In the wee hours of the morning of September 18, 2016, four heavily-armed terrorists of the Pakistan-supported Jaish-e-Mohammed (JeM) terrorist organization entered the Indian army post at Uri in Jammu and Kashmir (J&K) — surprising the post, lobbing incendiary grenades and then spraying bullets, some of the grenades setting the diesel dump on fire.2 19 soldiers were killed and over two dozen injured, mostly with burn injuries. 13 of those reportedly killed were in two tents that caught fire. The attack was well-planned, obviously by Pakistan’s Inter Services Intelligence (ISI). The post is overlooked on three sides by Pakistani army posts in Pakistan Occupied Kashmir (PoK), astride the Line of Control (LoC). Ironically, the post at Uri at the time of the terror attack only had a cattle fence around the post for protection and no thermal imaging devices for surveillance.3 The terrorists had accomplices on the Indian side of the LoC, which made their task easier. The four terrorists, all foreigners, were eventually gunned down. All four were carrying items with Pakistani markings, including maps, GPS, explosives (RDX and TNT), a matrix sheet of codes and notes in Pashto, besides AK-47 rifles and under-barrel grenade launchers. This is not the first time that Pakistan has used the JeM to attack India. 
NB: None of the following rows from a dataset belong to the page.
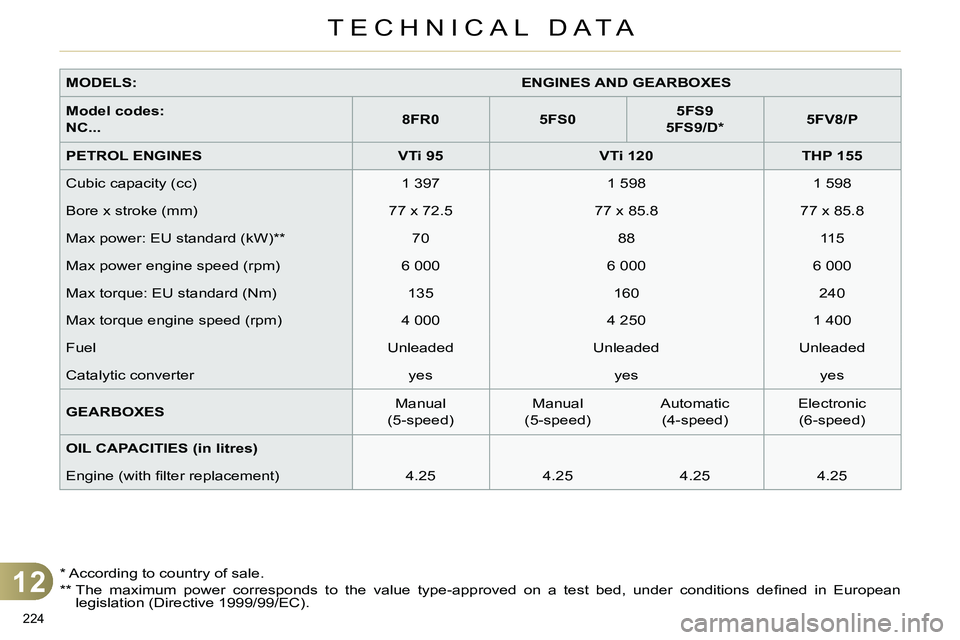 CITROEN C4 DAG 2013 Owners Manual 12
TECHNICAL DATA
224
MODELS:
ENGINES AND GEARBOXES
Model codes:
NC...
8FR0
5FS0
5FS9
5FS9/D *
5FV8/P
PETROL ENGINES
CITROEN C4 DAG 2013 Owners Manual 12
TECHNICAL DATA
224
MODELS:
ENGINES AND GEARBOXES
Model codes:
NC...
8FR0
5FS0
5FS9
5FS9/D *
5FV8/P
PETROL ENGINES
Following the Uri terror attack, Nawaz Sharif addressing the UN General Assembly (UNGA) on September 21, 2016, made no reference to the Uri attack, but instead eulogized a Kashmiri terrorist saying he was “murdered” by Indian forces.4 Concurrently, the Pakistani media accused India of stage managing the terrorist attack in Uri to divert attention from Kashmir. And this was not the first time Pakistan had displayed such brazenness. Other than the horrifying scales of casualties those four terrorists managed to achieve, it was the hubris of the Uri attack that ignited unprecedented anger pan-India.5 It had also come while families still mourned those who had died defending another Pakistan-sponsored terrorist attack on the Indian Air Force (IAF) airbase at Pathankot in the Punjab state of India in the first week of January 2016. Pakistan appeared confident that India’s response would be confined to public outrage and diplomatic condemnations — a standard matrix of responses that it had learnt to handle with mastery.6 But this did not mean that the Pakistani war machine was wholly complacent.7 The Pakistan Army was on high alert, not to mention the night flights by F-16s over Islamabad, and Nawaz Sharif, his Defence Minister, Khawaja Asif, Minister for Foreign Affairs, Sartaj Aziz, and Army Chief Raheel Sharif, all talked of war, twitching their nuclear tails, in case India tried anything against Pakistan.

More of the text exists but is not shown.